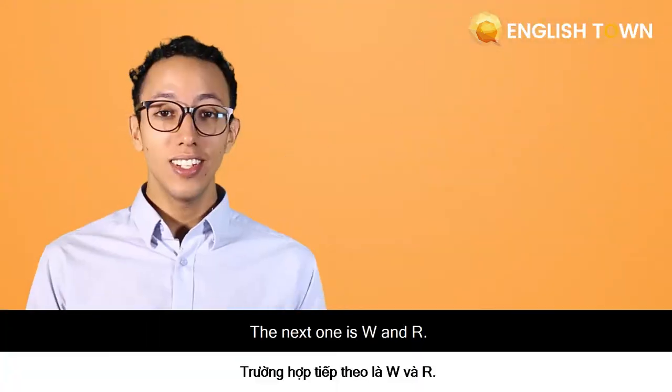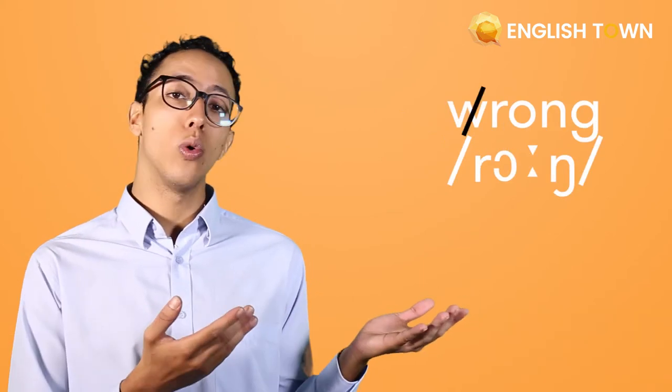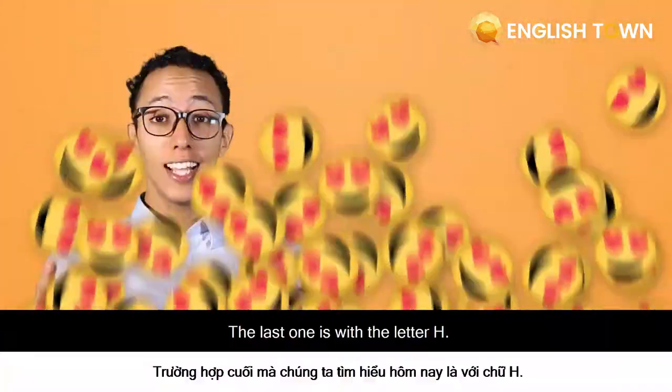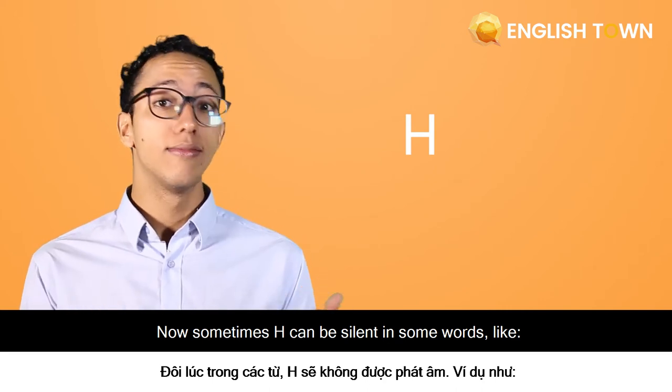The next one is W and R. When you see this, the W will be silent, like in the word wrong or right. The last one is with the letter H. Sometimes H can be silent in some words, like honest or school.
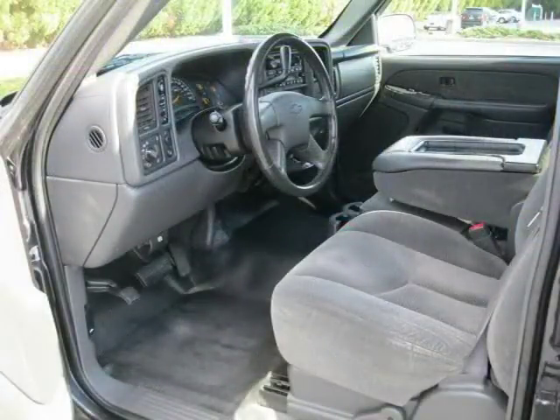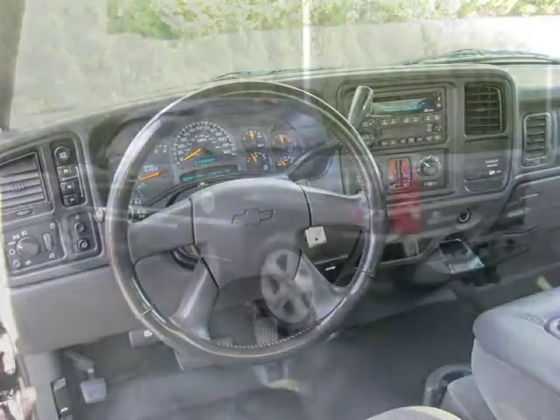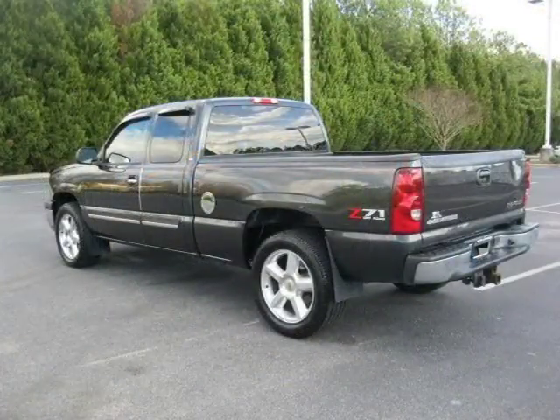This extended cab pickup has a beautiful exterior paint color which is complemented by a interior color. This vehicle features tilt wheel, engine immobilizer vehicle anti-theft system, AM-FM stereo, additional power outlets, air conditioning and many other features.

* * *

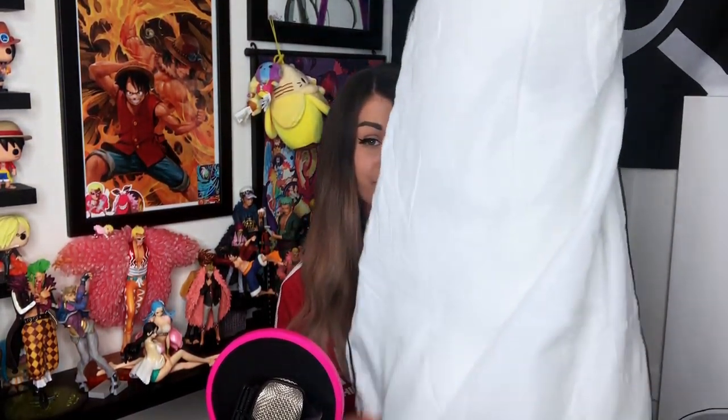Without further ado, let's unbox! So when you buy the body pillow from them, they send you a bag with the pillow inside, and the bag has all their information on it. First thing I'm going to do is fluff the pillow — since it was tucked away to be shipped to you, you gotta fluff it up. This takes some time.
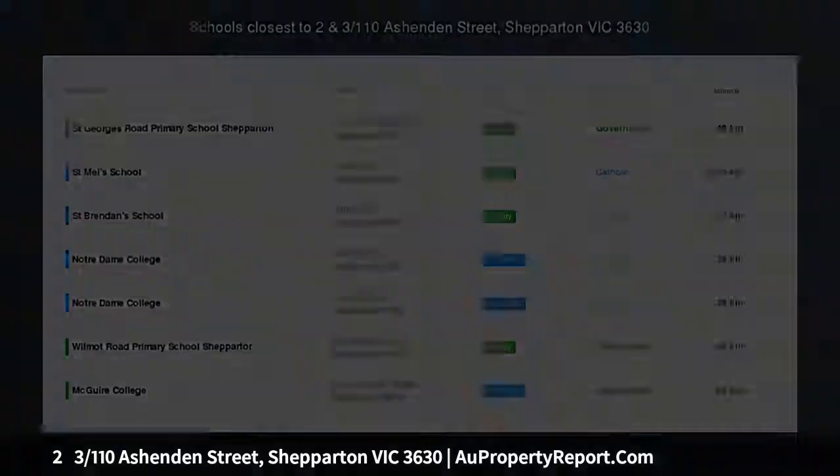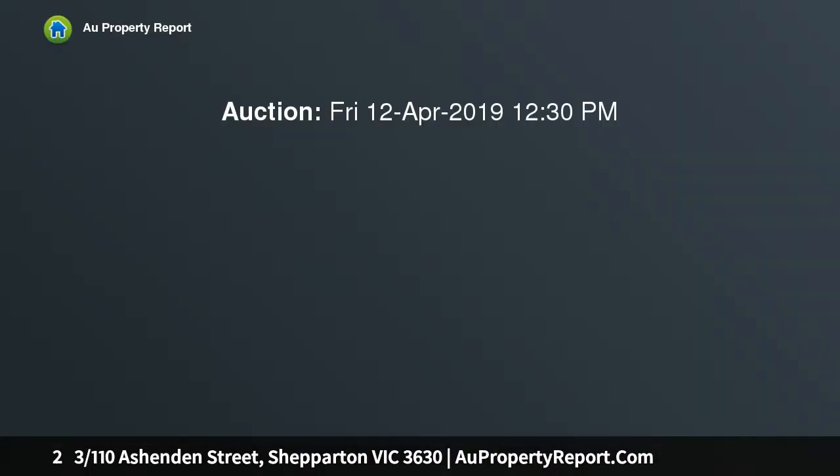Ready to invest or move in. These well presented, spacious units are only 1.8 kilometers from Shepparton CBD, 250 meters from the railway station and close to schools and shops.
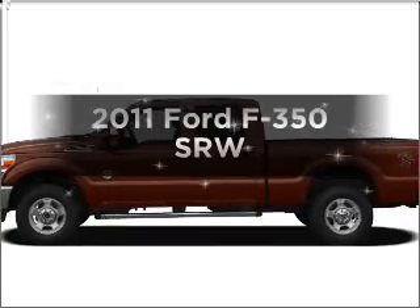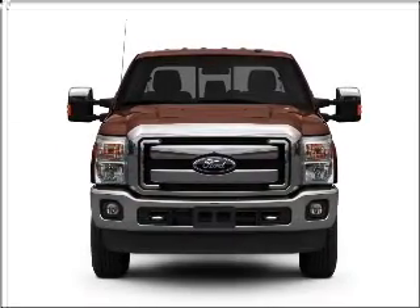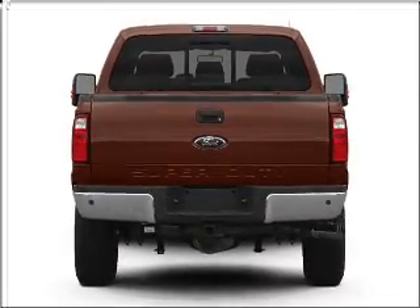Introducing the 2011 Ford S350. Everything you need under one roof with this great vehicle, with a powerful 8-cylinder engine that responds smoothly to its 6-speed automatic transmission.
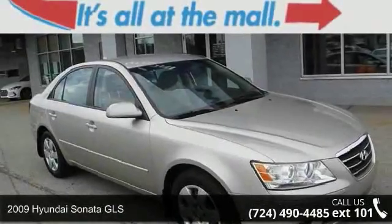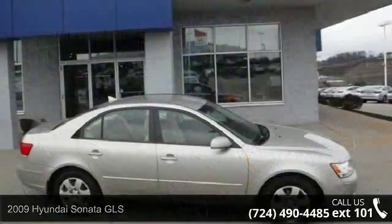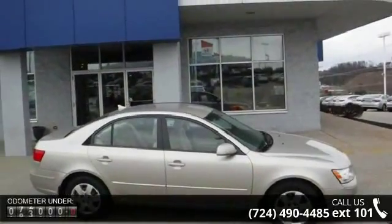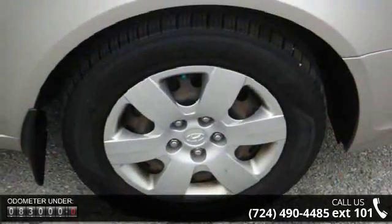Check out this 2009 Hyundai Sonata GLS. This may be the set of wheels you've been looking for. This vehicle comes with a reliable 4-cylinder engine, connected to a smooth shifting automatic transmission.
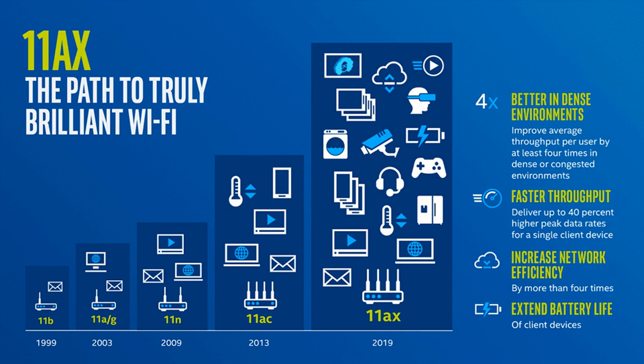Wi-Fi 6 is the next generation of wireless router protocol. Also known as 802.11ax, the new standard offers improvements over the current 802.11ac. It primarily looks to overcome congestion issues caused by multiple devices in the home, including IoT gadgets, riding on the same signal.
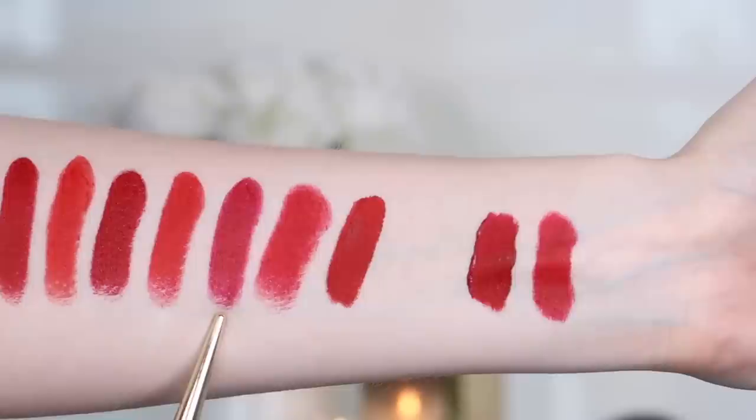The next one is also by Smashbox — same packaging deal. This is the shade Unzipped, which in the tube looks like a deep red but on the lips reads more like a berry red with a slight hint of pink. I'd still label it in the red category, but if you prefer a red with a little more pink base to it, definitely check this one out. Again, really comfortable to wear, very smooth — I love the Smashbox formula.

# [Exercise objective]
What lines above run from the one with "The next one is W" to the one with "This extended cab"? Give them again exactly, ends included, and leave the pictures out.

# [Solved problem]
The next one is W and R. When you see this, the W will be silent, like in the word wrong or right. The last one is with the letter H. Sometimes H can be silent in some words, like honest or school.
This extended cab pickup has a beautiful exterior paint color which is complemented by a interior color. This vehicle features tilt wheel, engine immobilizer vehicle anti-theft system, AM-FM stereo, additional power outlets, air conditioning and many other features.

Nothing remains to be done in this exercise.